Мы подошли к дому со стороны лужайки, где я впервые увидела Клавдию. Дверь была заперта, но с замком Максимильян справился быстро. Жалюзи опущены, в доме темно и тихо. Я бы решила, что здесь никого нет, но вскоре почувствовала чье-то присутствие. Бергман шел впереди, и его шаги нарушали мертвую тишину дома. Двигался он уверенно, словно точно знал, где следует искать. Наверное, в самом деле знал. Он потянул створку двери, ведущей в гостиную, сделал еще несколько шагов и остановился. В первое мгновение в комнате я никого не увидела, но вскоре глаза привыкли к полумраку, и я различила фигуру Клавдии. Она стояла возле эркерного окна. Шторы неплотно примыкали друг к другу, и в эту узкую щель она и смотрела на мир за окном. В глубоком кресле, свернувшись калачиком, спала Изольда.
Мы уже некоторое время находились в комнате, но Клавдия на наше появление никак не отреагировала, хотя не слышать шаги не могла. Я кашлянула, надеясь привлечь ее внимание, Максимильян опустился в одно из кресел. Наконец она, точно с неохотой, повернулась.
– Что вы здесь делаете? – спросила с вызовом, голос звучал тихо, возможно, она не хотела разбудить дочь.
– Пришел выразить вам свои соболезнования. Впрочем, почти уверен: вы в них не нуждаетесь.
– Кто вы такой, чтобы мне соболезновать? – презрительно фыркнула она.
– Вам не стоит оставаться одним в такое время, – вмешалась я.
– Прекратите, – отрезала Клавдия. – Я не собираюсь рвать на себе волосы от горя. Мой муж никогда не был мне опорой. Но один мужской поступок все же совершил.
– Что вы считаете мужским поступком? – спросил Максимильян. – Убийство несчастного мальчишки? Или тот факт, что, пустив себе пулю в лоб, он спас от тюрьмы свою жену?
– Что вы мелете? – развернувшись к нему, спросила Клавдия.
– Подвеска, которую нашли, принадлежала вам.
– Ах, вот что. И вы сможете это доказать?
– Зачем? – пожал Бергман плечами. – Я пришел удовлетворить свое любопытство. За что вы убили Иру Краско?
Она молчала больше минуты, словно раздумывая, отвечать или нет, а потом сказала:
– Никто, слышите, никто не смеет называть мою дочь голодранкой. А эта маленькая дрянь… она распускала клеветнические слухи…
– Боюсь, мадам, вы прекрасно знаете: богатство, высокий социальный статус – все в прошлом. Надеетесь, что дела ваши волшебным образом поправятся или просто не желаете признать очевидное? Впрочем, давайте вернемся к Ире Краско. Вы убили ребенка, подругу своей дочери…
– Я заткнула рот негодяйке, которая посмела оскорбить мою дочь.
– А потом убили Игоря Светлова, потому что он заподозрил: его подружке помогли утонуть.
– Этот Гоша – потенциальный преступник, человеческий мусор. Без него мир стал чище, вот и все.
– Когда-то вы находили его забавным. Вы велели своей дочери позвонить ему и назначить встречу в доме Ситникова? Там вы его и ждали. Ударили по голове, как только он вошел, а потом повесили, надеялись, все решат, что это самоубийство? Но, занимаясь тяжкими трудами, не заметили, как потеряли подвеску. Вернуться в дом побоялись? Или попросту ее не нашли? Ваш муж знал особенности вашего характера и пытался поговорить с Ирой, хотел заставить ее замолчать.

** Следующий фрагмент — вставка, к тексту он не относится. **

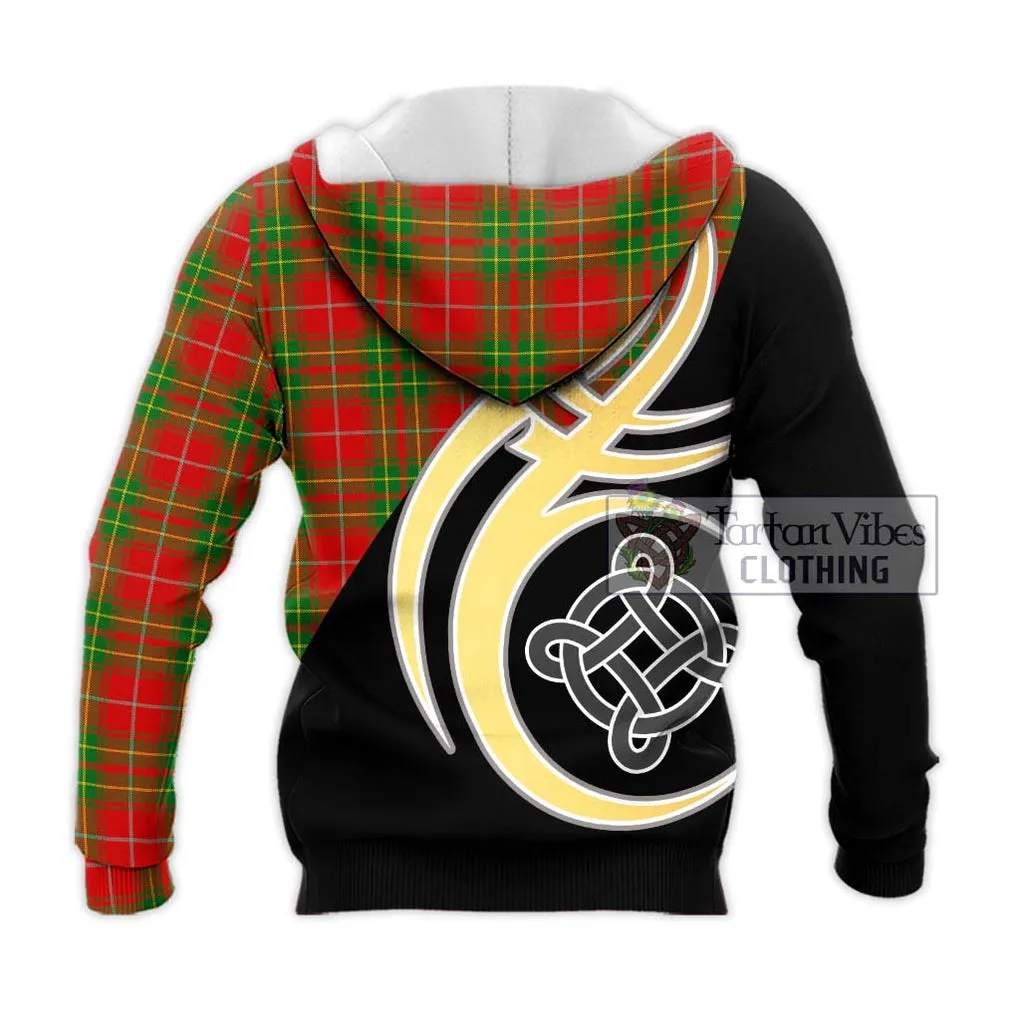 Burnett Tartan Knitted Hoodie with Family Crest and Celtic Symbol Style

– Мне безразличны ваши слова и вы сами, – презрительно усмехнулась она. – Я и моя дочь, мы никогда не опустимся до толпы, до этой никчемной человеческой массы…
В этот момент жуткая догадка заставила меня вскочить с кресла и броситься к девочке.
– Черт, она ее отравила.
Максимильян оказался возле Изольды раньше, чем я, нащупал пульс и бросил отрывисто:
– Вызывай «Скорую».
– Не прикасайся к моей дочери, мерзавец! – закричала Клавдия, бросаясь к нему. Она замахнулась с намерением его ударить, но он, схватив ее за руки, швырнул в кресло. Однако это ее не остановило, и она с каким-то тупым упорством кидалась к нему снова и снова, пока вдруг не завизжала, топая ногами и тряся головой: «Нет, неправда, не хочу…», повалилась на пол и теперь колотила ногами и руками. Крики перешли в невнятное бормотание, глаза закатились, а дыхание стало хриплым и прерывистым. В таком состоянии ее и застали врачи «Скорой».

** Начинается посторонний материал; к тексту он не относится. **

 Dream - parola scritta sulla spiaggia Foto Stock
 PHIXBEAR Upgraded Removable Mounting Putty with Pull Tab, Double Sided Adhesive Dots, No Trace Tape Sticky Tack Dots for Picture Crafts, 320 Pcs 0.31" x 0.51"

Изольду удалось спасти. А вот Клавдия через два дня умерла в больнице, сердце внезапно остановилось. Дочери она дала большую дозу снотворного. По этому поводу было много слухов, говорили, что в ее состоянии она просто ошиблась с дозировкой, и даже намекали на помешательство от горя и желание последовать вслед за мужем вместе с дочерью.